=== Begin Enclosure ===
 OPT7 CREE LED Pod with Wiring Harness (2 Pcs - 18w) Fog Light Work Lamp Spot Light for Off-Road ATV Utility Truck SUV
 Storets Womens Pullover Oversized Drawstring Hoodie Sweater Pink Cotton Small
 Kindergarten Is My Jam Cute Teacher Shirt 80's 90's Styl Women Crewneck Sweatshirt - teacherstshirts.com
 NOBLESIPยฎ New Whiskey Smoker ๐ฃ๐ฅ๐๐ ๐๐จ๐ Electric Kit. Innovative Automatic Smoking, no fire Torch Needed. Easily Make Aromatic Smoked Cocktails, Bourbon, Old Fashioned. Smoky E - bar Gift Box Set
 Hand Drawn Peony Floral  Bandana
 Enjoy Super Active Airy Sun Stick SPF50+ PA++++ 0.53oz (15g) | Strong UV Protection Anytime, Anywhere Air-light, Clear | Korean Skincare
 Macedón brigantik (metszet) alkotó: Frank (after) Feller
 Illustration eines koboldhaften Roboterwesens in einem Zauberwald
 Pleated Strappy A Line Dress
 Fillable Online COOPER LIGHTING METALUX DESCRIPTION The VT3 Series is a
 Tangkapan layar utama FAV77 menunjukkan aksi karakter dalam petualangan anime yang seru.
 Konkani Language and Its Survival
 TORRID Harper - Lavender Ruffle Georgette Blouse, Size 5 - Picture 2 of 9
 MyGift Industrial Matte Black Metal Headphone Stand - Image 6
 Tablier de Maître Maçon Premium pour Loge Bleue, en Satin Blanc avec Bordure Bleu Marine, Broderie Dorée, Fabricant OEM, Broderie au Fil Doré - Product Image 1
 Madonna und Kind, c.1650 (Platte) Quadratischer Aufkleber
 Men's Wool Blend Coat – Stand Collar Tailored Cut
=== End Enclosure ===
Requirement: All of the data above should be written out again word for word.

Your solution:
 OPT7 CREE LED Pod with Wiring Harness (2 Pcs - 18w) Fog Light Work Lamp Spot Light for Off-Road ATV Utility Truck SUV
 Storets Womens Pullover Oversized Drawstring Hoodie Sweater Pink Cotton Small
 Kindergarten Is My Jam Cute Teacher Shirt 80's 90's Styl Women Crewneck Sweatshirt - teacherstshirts.com
 NOBLESIPยฎ New Whiskey Smoker ๐ฃ๐ฅ๐๐ ๐๐จ๐ Electric Kit. Innovative Automatic Smoking, no fire Torch Needed. Easily Make Aromatic Smoked Cocktails, Bourbon, Old Fashioned. Smoky E - bar Gift Box Set
 Hand Drawn Peony Floral  Bandana
 Enjoy Super Active Airy Sun Stick SPF50+ PA++++ 0.53oz (15g) | Strong UV Protection Anytime, Anywhere Air-light, Clear | Korean Skincare
 Macedón brigantik (metszet) alkotó: Frank (after) Feller
 Illustration eines koboldhaften Roboterwesens in einem Zauberwald
 Pleated Strappy A Line Dress
 Fillable Online COOPER LIGHTING METALUX DESCRIPTION The VT3 Series is a
 Tangkapan layar utama FAV77 menunjukkan aksi karakter dalam petualangan anime yang seru.
 Konkani Language and Its Survival
 TORRID Harper - Lavender Ruffle Georgette Blouse, Size 5 - Picture 2 of 9
 MyGift Industrial Matte Black Metal Headphone Stand - Image 6
 Tablier de Maître Maçon Premium pour Loge Bleue, en Satin Blanc avec Bordure Bleu Marine, Broderie Dorée, Fabricant OEM, Broderie au Fil Doré - Product Image 1
 Madonna und Kind, c.1650 (Platte) Quadratischer Aufkleber
 Men's Wool Blend Coat – Stand Collar Tailored Cut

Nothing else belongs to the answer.